Your assignment
Your task is to transcribe the data in full.

Data for this task
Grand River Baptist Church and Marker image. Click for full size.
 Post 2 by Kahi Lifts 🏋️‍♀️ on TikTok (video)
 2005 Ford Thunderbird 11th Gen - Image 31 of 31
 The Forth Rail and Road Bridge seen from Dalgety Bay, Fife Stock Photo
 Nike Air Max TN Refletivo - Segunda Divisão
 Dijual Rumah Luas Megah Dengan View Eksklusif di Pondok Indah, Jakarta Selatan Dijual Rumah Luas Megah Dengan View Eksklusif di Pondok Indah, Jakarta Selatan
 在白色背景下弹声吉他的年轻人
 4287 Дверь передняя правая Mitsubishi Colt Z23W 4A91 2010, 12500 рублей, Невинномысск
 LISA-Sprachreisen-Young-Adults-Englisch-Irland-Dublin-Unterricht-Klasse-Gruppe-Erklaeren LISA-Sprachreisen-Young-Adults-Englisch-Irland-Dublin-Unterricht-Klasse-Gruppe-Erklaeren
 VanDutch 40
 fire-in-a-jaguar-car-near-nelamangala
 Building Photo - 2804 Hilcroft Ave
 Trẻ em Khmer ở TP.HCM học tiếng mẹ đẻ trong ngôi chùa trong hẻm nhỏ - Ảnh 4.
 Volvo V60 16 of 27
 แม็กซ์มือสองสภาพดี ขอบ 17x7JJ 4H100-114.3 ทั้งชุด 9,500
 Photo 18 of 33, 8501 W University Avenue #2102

Answer space
Grand River Baptist Church and Marker image. Click for full size.
 Post 2 by Kahi Lifts 🏋️‍♀️ on TikTok (video)
 2005 Ford Thunderbird 11th Gen - Image 31 of 31
 The Forth Rail and Road Bridge seen from Dalgety Bay, Fife Stock Photo
 Nike Air Max TN Refletivo - Segunda Divisão
 Dijual Rumah Luas Megah Dengan View Eksklusif di Pondok Indah, Jakarta Selatan Dijual Rumah Luas Megah Dengan View Eksklusif di Pondok Indah, Jakarta Selatan
 在白色背景下弹声吉他的年轻人
 4287 Дверь передняя правая Mitsubishi Colt Z23W 4A91 2010, 12500 рублей, Невинномысск
 LISA-Sprachreisen-Young-Adults-Englisch-Irland-Dublin-Unterricht-Klasse-Gruppe-Erklaeren LISA-Sprachreisen-Young-Adults-Englisch-Irland-Dublin-Unterricht-Klasse-Gruppe-Erklaeren
 VanDutch 40
 fire-in-a-jaguar-car-near-nelamangala
 Building Photo - 2804 Hilcroft Ave
 Trẻ em Khmer ở TP.HCM học tiếng mẹ đẻ trong ngôi chùa trong hẻm nhỏ - Ảnh 4.
 Volvo V60 16 of 27
 แม็กซ์มือสองสภาพดี ขอบ 17x7JJ 4H100-114.3 ทั้งชุด 9,500
 Photo 18 of 33, 8501 W University Avenue #2102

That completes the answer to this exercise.